Henrik von Cöllen (died probably 12 May 1561 in Savonia was a German master mason from Prussia, active in Sweden and Finland under King Gustav Vasa. He is best known as the leading master mason in the construction of Gripsholm Castle 1537–1545, and subsequently worked at Uppsala Castle and several fortresses in Finland under John III.

== Biography ==
Von Cöllen was subjected to surveillance by Peder Svenske, to ascertain his loyalty to the Swedish crown. In 1536, Gustav Vasa instructed the governor of Kalmar, Jöns Nilsson, who had requested a master builder for construction there, to contact von Cöllen, since he had presented himself as a master builder. That same year von Cöllen was summoned to Stockholm and Gripsholm. Between 1537 and 1545 he was continuously employed as foreman at Gripsholm. During this period he appears to have been held in high regard by the king, receiving among other things a plot of land in Strängnäs and increased remuneration.

In 1542 von Cöllen was rewarded with a grant of the city of Strängnäs with all annual taxes, royal and episcopal fines, and other levies.
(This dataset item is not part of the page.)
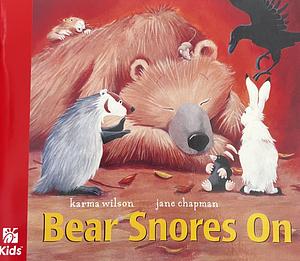 Bear Snores on by Karma Wilson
Von Cöllen represented a conservative tradition in his field, shaped by late medieval German castle and fortress architecture. Gripsholm Castle, with its round cannon towers, was consequently already outdated when it was completed in 1545 – the same year construction began on Vadstena Castle, which would become Sweden's first Renaissance castle.

In 1545 von Cöllen was assigned to Uppsala, and his standing with the king began to decline. He was accused of being slow and incompetent. In 1551 he was replaced as master builder at Uppsala by Påvel Schütz, and thereafter received minor commissions in Strängnäs in 1556–1557.

In December 1557 Duke John summoned von Cöllen by letter to Finland, where he arrived in July 1558. Gustav Vasa formalised the transfer through a letter dated 4 July 1558. Von Cöllen thus entered the duke's service, working at Turku Castle in Finland, Nyenskans, Tavastehus and "Nyslott" (probably Olofsborg). Later that year he went to Olofsborg, where he directed demolition work to make way for a cannon tower in the front corner of the outer ward. In February 1559 he arrived at Tavastehus, where he directed work on the eastern round cannon tower without interruption until mid-October when the building season ended.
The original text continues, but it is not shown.